▶ DATA FOR THIS EXERCISE:
----------
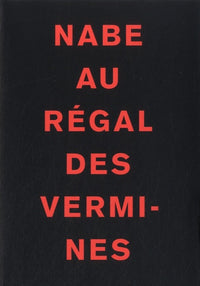 Au régal des vermines
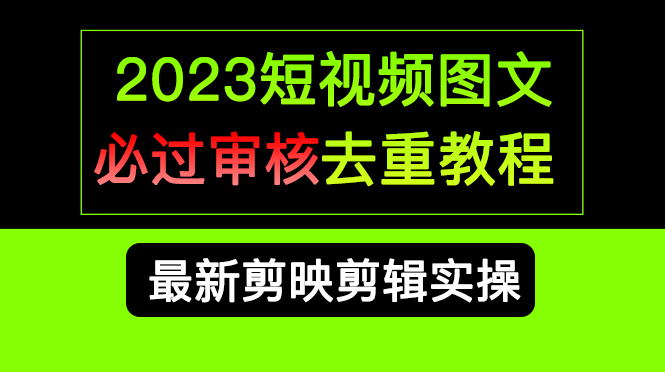 2023短视频和图文必过审核去重教程，剪映剪辑去重方法汇总实操，搬运必学-创客一号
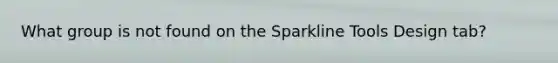 What group is not found on the Sparkline Tools Design tab?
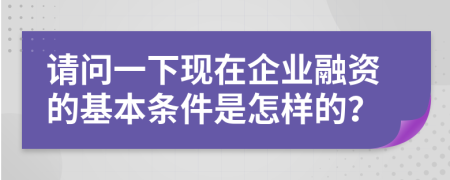 请问一下现在企业融资的基本条件是怎样的？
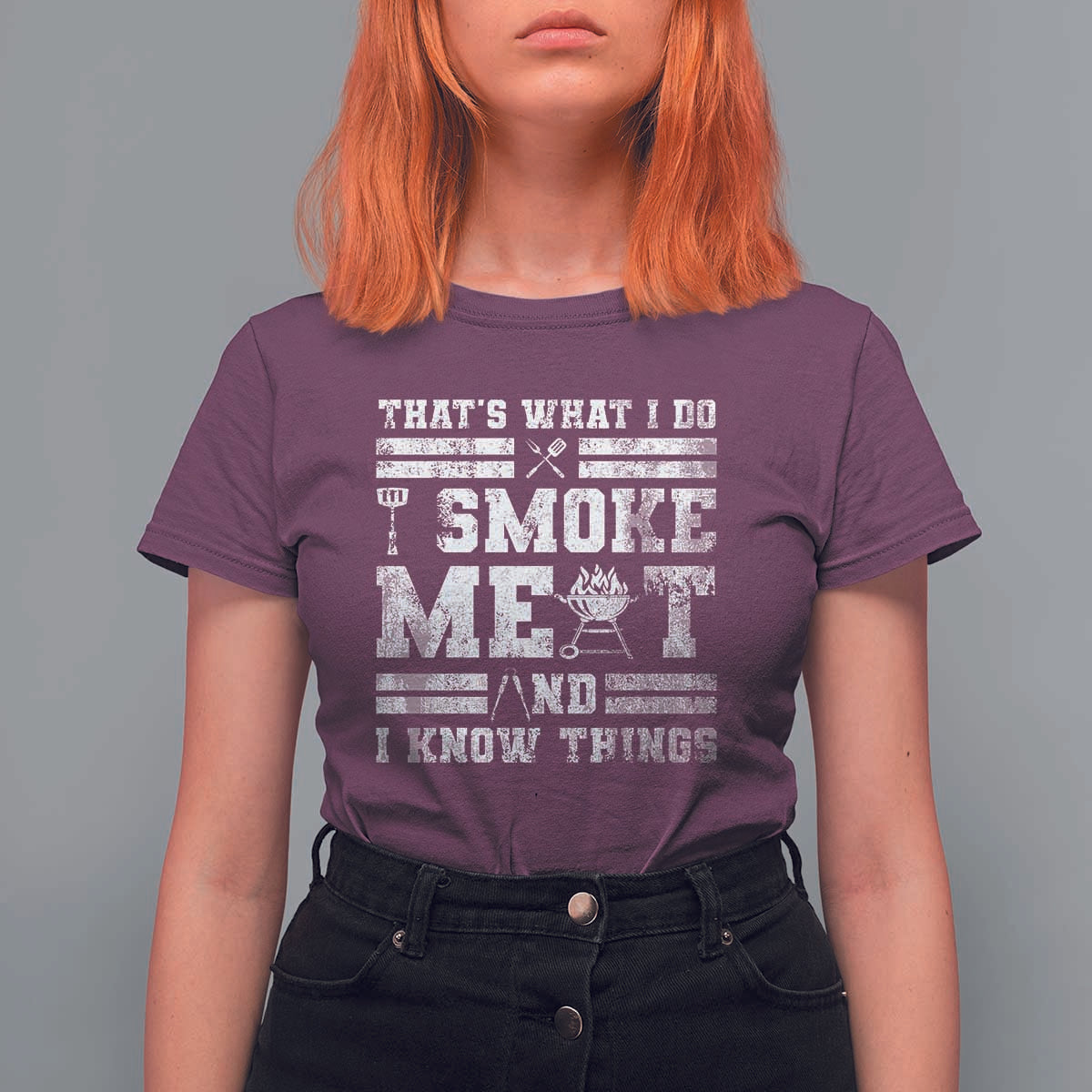 BBQ T Shirt For Women I Smoke Meat And I Know Things Funny Saying - Wonder Print Shop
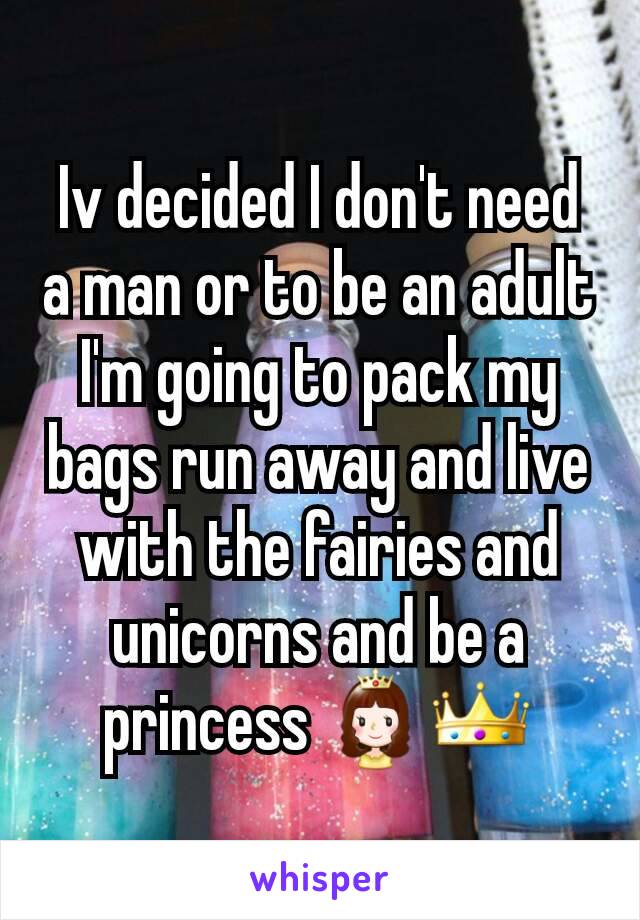 Iv decided I don't need a man or to be an adult I'm going to pack my bags run away and live with the fairies and unicorns and be a princess 👸👑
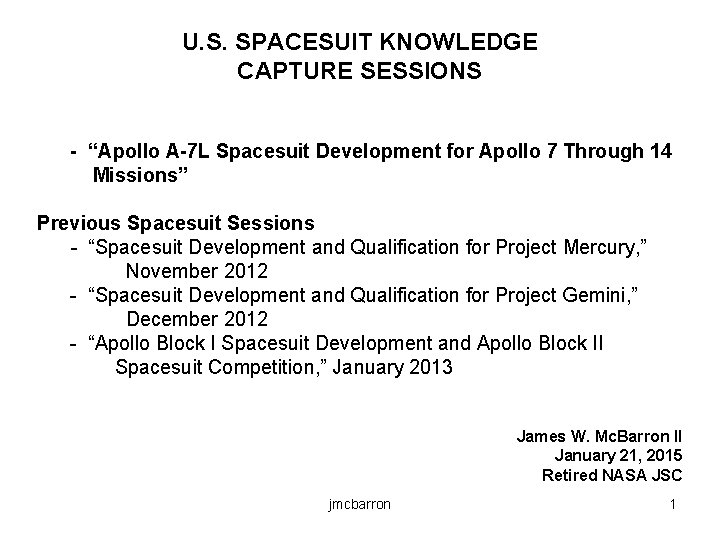 U. S. SPACESUIT KNOWLEDGE CAPTURE SESSIONS - “Apollo A-7 L Spacesuit Development for Apollo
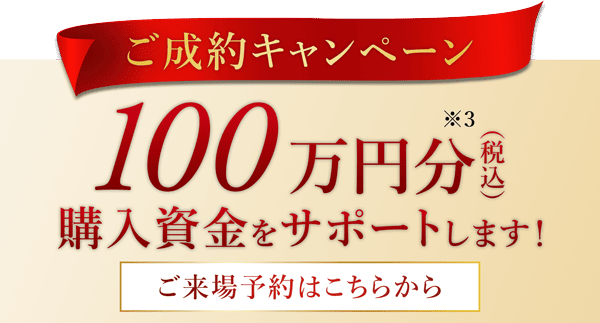 ご成約キャンペーン 100万円分(税込)※3購入資金をサポートします！ ご来場予約はこちらから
----------
▶ WORK TASK:
Exactly as written, please copy out the whole set of records, skipping images.

▶ COMPLETED TASK:
 Au régal des vermines
 2023短视频和图文必过审核去重教程，剪映剪辑去重方法汇总实操，搬运必学-创客一号
 What group is not found on the Sparkline Tools Design tab?
 请问一下现在企业融资的基本条件是怎样的？
 BBQ T Shirt For Women I Smoke Meat And I Know Things Funny Saying - Wonder Print Shop
 Iv decided I don't need a man or to be an adult I'm going to pack my bags run away and live with the fairies and unicorns and be a princess 👸👑
 U. S. SPACESUIT KNOWLEDGE CAPTURE SESSIONS - “Apollo A-7 L Spacesuit Development for Apollo
 ご成約キャンペーン 100万円分(税込)※3購入資金をサポートします！ ご来場予約はこちらから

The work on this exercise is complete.